宮澤「嫁の対局は96%くらい見てる。対局を見て、これダメじゃんとか言ったことはないかな。嫁が選ぶ方ならそれは正解だよ。」

宮澤「僕は、いつも『人を超えて神になりなさい』と言ってるんだよね。」

魚谷「あはは。私は神ってガラじゃないなぁ。でも、人間の出来る最高には到達したいね。」

猫は可愛いし、旦那の性格はピカイチだそうだ。
やっぱり、結婚して良い影響あるんじゃないの?(笑)

魚谷は将来をどう考えているのだろうか?
5年後、10年後を想像してもらった。

魚谷「難しいこと聞くねー。5年後、10年後に麻雀を取り巻く環境がどうなっているか全然想像つかない。けど、選手として第一線で戦っていたいと思うよ。

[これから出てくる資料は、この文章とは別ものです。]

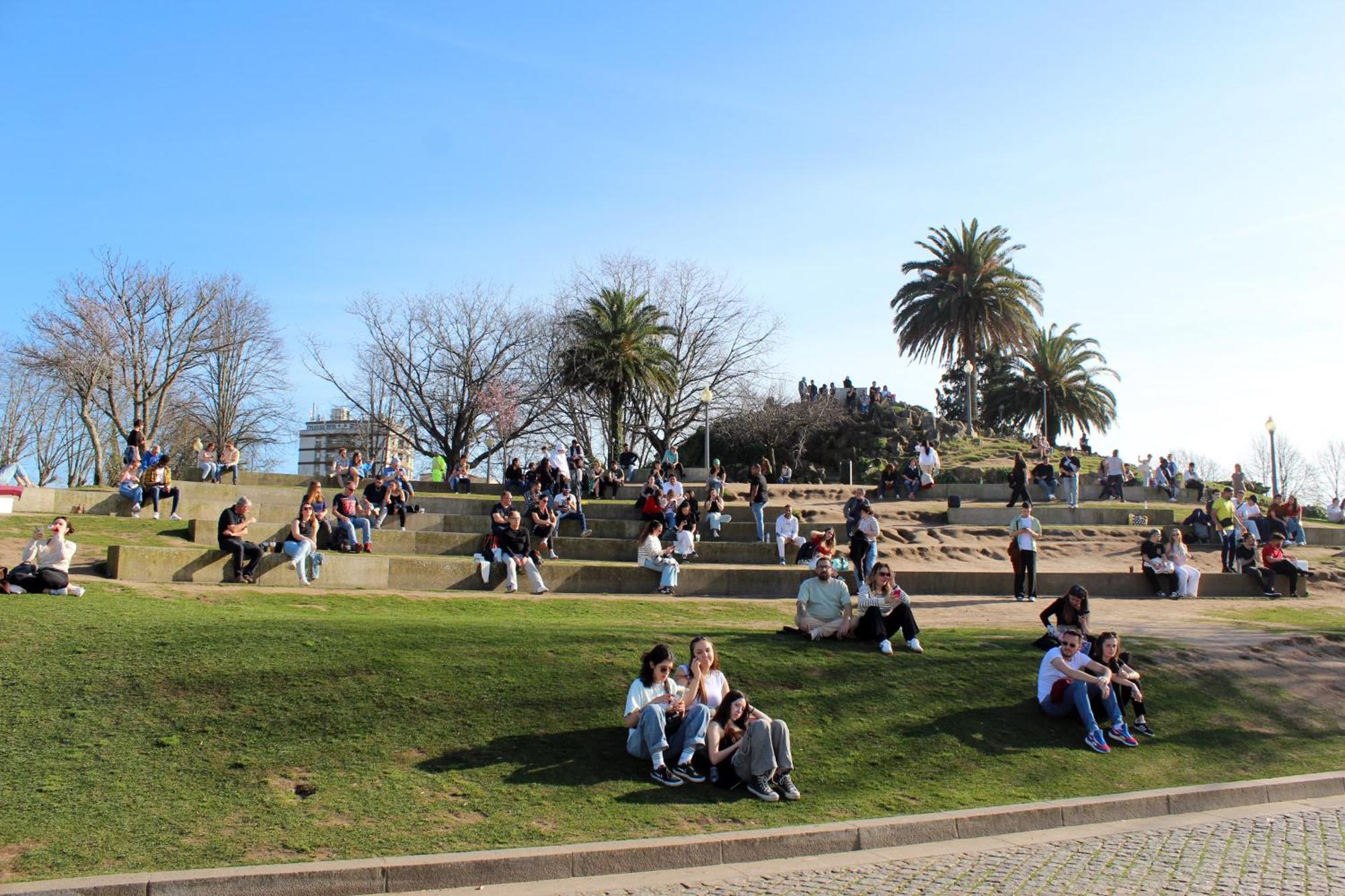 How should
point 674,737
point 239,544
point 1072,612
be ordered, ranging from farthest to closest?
point 239,544 < point 1072,612 < point 674,737

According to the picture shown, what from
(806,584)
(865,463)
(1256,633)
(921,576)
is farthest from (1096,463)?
(806,584)

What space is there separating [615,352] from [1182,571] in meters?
24.9

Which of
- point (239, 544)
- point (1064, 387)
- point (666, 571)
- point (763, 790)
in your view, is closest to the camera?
point (763, 790)

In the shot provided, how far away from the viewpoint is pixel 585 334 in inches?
1613

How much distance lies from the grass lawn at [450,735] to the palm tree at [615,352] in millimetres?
28622

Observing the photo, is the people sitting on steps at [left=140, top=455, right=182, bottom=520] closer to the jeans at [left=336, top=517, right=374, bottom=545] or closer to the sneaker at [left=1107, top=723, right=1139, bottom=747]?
the jeans at [left=336, top=517, right=374, bottom=545]

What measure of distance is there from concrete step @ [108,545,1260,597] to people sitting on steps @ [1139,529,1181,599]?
227 mm

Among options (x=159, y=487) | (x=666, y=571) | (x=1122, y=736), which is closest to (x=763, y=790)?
(x=1122, y=736)

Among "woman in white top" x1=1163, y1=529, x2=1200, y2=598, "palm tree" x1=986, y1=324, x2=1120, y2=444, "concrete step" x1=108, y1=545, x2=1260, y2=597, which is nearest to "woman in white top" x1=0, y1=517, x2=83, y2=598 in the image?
"concrete step" x1=108, y1=545, x2=1260, y2=597

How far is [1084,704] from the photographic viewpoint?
9.98 metres

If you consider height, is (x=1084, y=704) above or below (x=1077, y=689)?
below

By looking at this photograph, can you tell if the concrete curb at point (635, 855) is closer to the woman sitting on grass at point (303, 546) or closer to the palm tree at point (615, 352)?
the woman sitting on grass at point (303, 546)

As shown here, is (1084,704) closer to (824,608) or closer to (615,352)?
(824,608)

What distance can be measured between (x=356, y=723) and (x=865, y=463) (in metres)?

ただ、もし衰えてしまってパフォーマンスが出せなかったら、そのときは辞めちゃうと思う。」

このインタビュー、最初から最後までホント魚谷らしい答えが返ってくるな。嬉しいよ。

勘違いしないでいただきたいが、もう満足してしまったのでいつ辞めてもいい、ではない。
活躍できなくなったら退かなきゃいけない、という覚悟だ。
魚谷は、勝てなくなった私には存在価値はない、と言い出すような人だ。
鳳凰位には一歩後退してしまったし、セガサミーフェニックスを優勝に導いてもいないのだ。
成し遂げるまで歩みを止めることはないだろう。
まだまだまだまだ、先の長い歩みになるかもしれない。
でもいつか、魚谷ならきっと成し遂げて、素敵な泣き顔を見せてくれると思う。よろしく頼んだよ!